May 3rd, 2011
Rob Enderle, never shy to point out what’s wrong with Oracle, goes on to explain why Oracle’s recent CFO change can be read as a sign of bad times ahead, and cautious Oracle’s customers to check their bill… what he doesn’t say, though, is that based on his reasoning, you should probably be checking if you’re in compliance with your licensing soon, else an audit may come costly.
Back in the 80s, IBM, which was facing revenue shortfalls due largely to the combination of a series of bad decisions, began raising prices indiscriminately. Nearly a decade later, Microsoft, in an attempt to make pricing simpler, found a large number of companies that were underpaying their contracts and it instituted corrective action. In both cases, the CIOs were caught unprepared and the result was a largely unplanned move to either slow or reverse the use of the companies’ products.
It would appear that Oracle is likely to either be on, or to shortly be on, a similar path (much of what I currently have are anecdotal complaints on Oracle pricing at the moment).

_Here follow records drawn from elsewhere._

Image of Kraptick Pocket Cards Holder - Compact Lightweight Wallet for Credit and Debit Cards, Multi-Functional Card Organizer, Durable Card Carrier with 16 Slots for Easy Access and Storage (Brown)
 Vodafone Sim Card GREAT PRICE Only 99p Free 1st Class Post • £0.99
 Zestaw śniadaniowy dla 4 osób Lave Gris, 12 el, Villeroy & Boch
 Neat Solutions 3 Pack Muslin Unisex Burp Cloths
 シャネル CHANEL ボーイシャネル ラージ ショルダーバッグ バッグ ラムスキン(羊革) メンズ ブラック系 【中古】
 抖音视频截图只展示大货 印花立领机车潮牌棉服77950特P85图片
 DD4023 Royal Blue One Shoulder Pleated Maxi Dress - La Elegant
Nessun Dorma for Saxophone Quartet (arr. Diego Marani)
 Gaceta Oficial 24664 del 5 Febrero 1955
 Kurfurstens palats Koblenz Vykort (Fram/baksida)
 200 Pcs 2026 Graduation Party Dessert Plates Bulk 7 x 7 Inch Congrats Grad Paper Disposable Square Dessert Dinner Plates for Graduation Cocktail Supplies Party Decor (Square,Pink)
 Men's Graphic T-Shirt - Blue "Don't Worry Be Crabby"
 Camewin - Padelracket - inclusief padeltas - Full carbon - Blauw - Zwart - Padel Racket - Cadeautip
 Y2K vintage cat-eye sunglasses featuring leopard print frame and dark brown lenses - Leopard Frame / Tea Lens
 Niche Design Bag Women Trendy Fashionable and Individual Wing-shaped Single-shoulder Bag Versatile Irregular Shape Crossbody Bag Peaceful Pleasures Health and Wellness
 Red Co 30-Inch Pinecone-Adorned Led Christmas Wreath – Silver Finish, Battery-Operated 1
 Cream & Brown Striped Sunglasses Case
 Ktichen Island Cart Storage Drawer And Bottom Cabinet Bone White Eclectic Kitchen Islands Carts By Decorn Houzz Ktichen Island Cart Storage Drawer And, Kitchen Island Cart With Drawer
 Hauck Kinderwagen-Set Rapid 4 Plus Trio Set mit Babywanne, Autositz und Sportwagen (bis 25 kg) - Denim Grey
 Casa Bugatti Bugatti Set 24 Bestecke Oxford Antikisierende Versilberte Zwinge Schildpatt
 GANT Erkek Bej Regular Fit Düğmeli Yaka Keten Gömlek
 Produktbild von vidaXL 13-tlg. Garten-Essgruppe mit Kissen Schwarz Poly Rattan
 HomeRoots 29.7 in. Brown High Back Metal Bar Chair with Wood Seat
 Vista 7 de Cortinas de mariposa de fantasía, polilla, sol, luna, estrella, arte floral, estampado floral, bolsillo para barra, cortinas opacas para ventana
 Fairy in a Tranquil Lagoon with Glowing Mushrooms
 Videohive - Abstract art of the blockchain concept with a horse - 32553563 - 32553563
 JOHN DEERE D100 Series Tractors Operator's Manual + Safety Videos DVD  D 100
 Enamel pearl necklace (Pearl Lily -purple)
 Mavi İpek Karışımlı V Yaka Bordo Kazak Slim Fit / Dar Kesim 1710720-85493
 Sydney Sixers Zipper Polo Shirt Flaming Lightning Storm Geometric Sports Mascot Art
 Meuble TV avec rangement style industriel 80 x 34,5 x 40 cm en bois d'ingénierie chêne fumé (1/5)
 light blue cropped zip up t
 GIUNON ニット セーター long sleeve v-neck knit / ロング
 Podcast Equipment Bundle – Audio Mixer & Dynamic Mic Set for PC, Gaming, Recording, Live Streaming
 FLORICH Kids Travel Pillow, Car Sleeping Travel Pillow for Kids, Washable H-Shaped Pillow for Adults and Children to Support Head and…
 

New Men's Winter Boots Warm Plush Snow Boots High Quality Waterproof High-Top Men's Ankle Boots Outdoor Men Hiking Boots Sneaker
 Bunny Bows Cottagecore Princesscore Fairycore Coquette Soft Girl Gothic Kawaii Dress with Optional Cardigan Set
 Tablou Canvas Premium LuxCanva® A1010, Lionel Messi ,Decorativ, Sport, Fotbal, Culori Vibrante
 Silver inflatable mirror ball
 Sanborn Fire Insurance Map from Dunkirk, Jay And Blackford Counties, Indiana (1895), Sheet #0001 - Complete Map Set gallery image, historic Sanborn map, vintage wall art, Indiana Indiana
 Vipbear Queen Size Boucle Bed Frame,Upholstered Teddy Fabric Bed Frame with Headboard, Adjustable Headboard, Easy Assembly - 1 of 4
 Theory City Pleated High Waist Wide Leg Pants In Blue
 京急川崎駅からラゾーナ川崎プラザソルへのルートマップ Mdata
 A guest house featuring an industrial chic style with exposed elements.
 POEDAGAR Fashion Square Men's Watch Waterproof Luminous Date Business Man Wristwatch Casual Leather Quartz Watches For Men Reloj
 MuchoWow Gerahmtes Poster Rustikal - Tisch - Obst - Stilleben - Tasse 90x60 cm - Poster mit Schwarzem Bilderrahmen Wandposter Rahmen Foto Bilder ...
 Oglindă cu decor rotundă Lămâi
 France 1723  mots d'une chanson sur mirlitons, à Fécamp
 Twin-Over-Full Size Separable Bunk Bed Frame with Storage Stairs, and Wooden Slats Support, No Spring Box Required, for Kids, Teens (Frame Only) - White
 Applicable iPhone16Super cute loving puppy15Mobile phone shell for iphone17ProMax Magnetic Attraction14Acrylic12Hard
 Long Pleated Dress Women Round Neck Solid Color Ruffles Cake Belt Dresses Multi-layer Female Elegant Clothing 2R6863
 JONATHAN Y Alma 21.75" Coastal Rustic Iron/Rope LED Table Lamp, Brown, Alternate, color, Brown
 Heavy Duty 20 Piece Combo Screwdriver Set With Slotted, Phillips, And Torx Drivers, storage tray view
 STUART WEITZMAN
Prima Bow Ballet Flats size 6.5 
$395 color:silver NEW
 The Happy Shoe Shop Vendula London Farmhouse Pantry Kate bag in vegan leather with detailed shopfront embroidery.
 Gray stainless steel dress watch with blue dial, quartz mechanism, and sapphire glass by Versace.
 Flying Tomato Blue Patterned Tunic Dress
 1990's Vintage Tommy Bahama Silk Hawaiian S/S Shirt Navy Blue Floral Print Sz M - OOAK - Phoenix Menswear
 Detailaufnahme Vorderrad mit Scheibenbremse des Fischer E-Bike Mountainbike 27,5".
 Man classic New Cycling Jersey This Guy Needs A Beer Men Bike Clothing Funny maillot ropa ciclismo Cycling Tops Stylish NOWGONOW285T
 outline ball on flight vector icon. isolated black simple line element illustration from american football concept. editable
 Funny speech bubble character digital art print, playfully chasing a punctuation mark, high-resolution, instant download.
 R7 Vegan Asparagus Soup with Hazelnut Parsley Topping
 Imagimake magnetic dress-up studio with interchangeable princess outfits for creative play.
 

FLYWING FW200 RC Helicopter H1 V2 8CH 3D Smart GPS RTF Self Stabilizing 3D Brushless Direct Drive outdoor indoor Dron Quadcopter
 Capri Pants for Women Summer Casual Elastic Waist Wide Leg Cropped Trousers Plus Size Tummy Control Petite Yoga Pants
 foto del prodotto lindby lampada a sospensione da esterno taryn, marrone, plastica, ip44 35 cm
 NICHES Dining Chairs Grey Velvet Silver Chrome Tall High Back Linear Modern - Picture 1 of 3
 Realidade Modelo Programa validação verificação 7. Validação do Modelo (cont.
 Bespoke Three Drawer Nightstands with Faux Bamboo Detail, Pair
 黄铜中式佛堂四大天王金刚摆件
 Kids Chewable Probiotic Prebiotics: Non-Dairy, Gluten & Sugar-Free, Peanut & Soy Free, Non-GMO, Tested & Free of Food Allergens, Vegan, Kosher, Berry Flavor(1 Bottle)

However, it would be prudent to monitor recurring Oracle pricing and make sure increases appear justified and that trends won’t cause them to cross over so you can either anticipate a move or be assured that an executive review won’t force an unplanned migration. This practice is prudent with any large vendor, but given the recent CFO changes at Oracle, its history and recent contract changes on the hardware side of the company, it may be more critical with Oracle.